Exercise —
Your answer should be only the lines below from the one with "15900 Avenida Atezada, Desert" to the one with "9229 Millikan Avenue - Photo 19", repeated exactly, ends included.

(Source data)
+===+

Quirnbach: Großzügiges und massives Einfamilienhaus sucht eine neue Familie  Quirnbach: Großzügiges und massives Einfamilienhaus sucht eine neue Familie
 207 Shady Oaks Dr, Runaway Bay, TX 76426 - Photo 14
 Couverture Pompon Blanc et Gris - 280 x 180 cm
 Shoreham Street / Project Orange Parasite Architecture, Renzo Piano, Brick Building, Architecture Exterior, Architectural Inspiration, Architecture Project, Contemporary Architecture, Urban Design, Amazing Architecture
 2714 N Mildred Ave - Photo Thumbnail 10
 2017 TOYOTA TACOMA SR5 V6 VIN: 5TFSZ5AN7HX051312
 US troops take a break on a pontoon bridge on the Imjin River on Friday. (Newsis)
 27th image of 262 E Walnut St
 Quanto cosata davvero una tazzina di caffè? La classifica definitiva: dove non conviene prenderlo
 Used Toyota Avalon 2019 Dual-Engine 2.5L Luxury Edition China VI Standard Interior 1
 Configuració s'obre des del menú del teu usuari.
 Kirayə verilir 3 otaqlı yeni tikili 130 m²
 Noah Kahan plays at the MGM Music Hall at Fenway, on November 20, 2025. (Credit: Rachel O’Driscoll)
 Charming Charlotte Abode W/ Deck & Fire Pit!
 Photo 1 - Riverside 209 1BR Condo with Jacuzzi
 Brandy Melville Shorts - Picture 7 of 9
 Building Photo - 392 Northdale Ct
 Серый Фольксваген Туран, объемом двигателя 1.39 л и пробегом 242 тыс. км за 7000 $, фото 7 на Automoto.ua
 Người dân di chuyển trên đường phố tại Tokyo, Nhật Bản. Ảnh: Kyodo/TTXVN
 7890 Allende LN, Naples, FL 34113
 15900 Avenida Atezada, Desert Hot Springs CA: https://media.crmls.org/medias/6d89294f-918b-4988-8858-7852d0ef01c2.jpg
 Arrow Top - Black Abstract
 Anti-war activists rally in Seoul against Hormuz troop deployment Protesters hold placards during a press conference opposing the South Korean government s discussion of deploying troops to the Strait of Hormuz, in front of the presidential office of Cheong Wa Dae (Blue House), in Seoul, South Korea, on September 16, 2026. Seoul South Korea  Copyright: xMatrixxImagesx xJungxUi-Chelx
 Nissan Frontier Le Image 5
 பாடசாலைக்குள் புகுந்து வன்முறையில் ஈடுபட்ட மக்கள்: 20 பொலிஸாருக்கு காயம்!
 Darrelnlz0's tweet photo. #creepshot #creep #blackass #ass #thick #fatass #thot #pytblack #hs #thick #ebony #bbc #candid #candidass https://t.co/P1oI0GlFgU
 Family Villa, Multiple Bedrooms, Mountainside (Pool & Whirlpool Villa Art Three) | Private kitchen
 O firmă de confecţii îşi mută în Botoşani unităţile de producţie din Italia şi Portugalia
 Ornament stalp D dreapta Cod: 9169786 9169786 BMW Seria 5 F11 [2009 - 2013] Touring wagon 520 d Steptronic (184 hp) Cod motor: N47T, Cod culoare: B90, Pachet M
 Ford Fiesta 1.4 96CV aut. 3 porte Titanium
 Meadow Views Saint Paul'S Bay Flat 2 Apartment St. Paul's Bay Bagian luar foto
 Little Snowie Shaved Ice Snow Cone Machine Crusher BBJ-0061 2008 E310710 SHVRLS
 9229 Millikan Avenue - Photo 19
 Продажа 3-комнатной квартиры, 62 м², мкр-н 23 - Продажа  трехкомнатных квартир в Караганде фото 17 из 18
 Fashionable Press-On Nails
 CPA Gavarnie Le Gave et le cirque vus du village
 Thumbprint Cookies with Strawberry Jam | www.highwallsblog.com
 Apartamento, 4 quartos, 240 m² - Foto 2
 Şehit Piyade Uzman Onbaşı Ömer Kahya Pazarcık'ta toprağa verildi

+===+

Answer space —
 15900 Avenida Atezada, Desert Hot Springs CA: https://media.crmls.org/medias/6d89294f-918b-4988-8858-7852d0ef01c2.jpg
 Arrow Top - Black Abstract
 Anti-war activists rally in Seoul against Hormuz troop deployment Protesters hold placards during a press conference opposing the South Korean government s discussion of deploying troops to the Strait of Hormuz, in front of the presidential office of Cheong Wa Dae (Blue House), in Seoul, South Korea, on September 16, 2026. Seoul South Korea  Copyright: xMatrixxImagesx xJungxUi-Chelx
 Nissan Frontier Le Image 5
 பாடசாலைக்குள் புகுந்து வன்முறையில் ஈடுபட்ட மக்கள்: 20 பொலிஸாருக்கு காயம்!
 Darrelnlz0's tweet photo. #creepshot #creep #blackass #ass #thick #fatass #thot #pytblack #hs #thick #ebony #bbc #candid #candidass https://t.co/P1oI0GlFgU
 Family Villa, Multiple Bedrooms, Mountainside (Pool & Whirlpool Villa Art Three) | Private kitchen
 O firmă de confecţii îşi mută în Botoşani unităţile de producţie din Italia şi Portugalia
 Ornament stalp D dreapta Cod: 9169786 9169786 BMW Seria 5 F11 [2009 - 2013] Touring wagon 520 d Steptronic (184 hp) Cod motor: N47T, Cod culoare: B90, Pachet M
 Ford Fiesta 1.4 96CV aut. 3 porte Titanium
 Meadow Views Saint Paul'S Bay Flat 2 Apartment St. Paul's Bay Bagian luar foto
 Little Snowie Shaved Ice Snow Cone Machine Crusher BBJ-0061 2008 E310710 SHVRLS
 9229 Millikan Avenue - Photo 19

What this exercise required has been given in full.